We are looking for an Enterprise Observability Consultant with an in-depth understanding of Observability platforms and technologies ranging between Vendor Specific products eg Dynatrace, Splunk, Grafana, Cribl etc. & Open-Source Observability projects eg Open Telemetry, Prometheus, Grafana OSS etc.
You will be responsible for providing Observability platform delivery expertise to deliver advisory, design & implementation services that meets our customers business requirements within their overall observability strategy. The role will also involve staying at the forefront of new technologies and new vendors, working within the Enterprise Observability Practice.
Main Responsibilities
- Observability Strategy & Advisory
- Lead discovery workshops to assess observability maturity and define tailored roadmaps aligned to business and IT objectives
- Assess current monitoring and observability maturity for Enterprise Organisations & recommend tooling strategies, often leveraging platforms like Dynatrace for full-stack visibility
- Translate business and technical requirements into actionable observability use cases to support change management and enablement initiatives
- Advise on tools, platforms, and best practices (eg, OpenTelemetry, SIEM vs Observability, Telemetry Management, SRE principles)

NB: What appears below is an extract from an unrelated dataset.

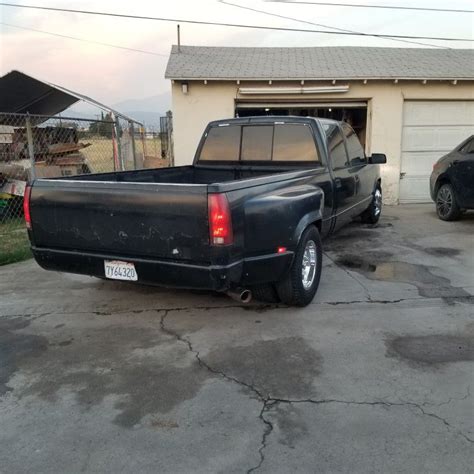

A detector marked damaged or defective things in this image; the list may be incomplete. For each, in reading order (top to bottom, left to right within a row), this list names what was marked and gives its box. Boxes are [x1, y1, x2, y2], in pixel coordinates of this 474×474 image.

- Architecture & Solution Design
- Design end-to-end observability architectures, including Logs, metrics, traces, profiles etc., Distributed tracing frameworks/APM tooling, Infrastructure & cloud monitoring, Synthetic and real-user monitoring
- Create telemetry data pipelines and instrumentation strategies
- Ensure scalable, secure, and cost-efficient observability patterns
- Tooling Implementation
- Deploy and configure observability platforms such as Dynatrace, Splunk, Grafana Cloud, Cribl, Elastic
- Implement OpenTelemetry collectors, agents, and SDK instrumentation strategies
- Build dashboards, alerts, and automation workflows
- Integrate Observability platforms with ITSM, AIOps, Event Management platforms
- Troubleshooting & Performance Engineering
- Analyse application, infrastructure, and network performance issues.
- Lead root-cause analysis and performance optimisation initiatives.
- Enable proactive detection through anomaly detection and alert tuning.
Skills Required
- Expertise in observability frameworks, telemetry pipelines, and service mesh integrations.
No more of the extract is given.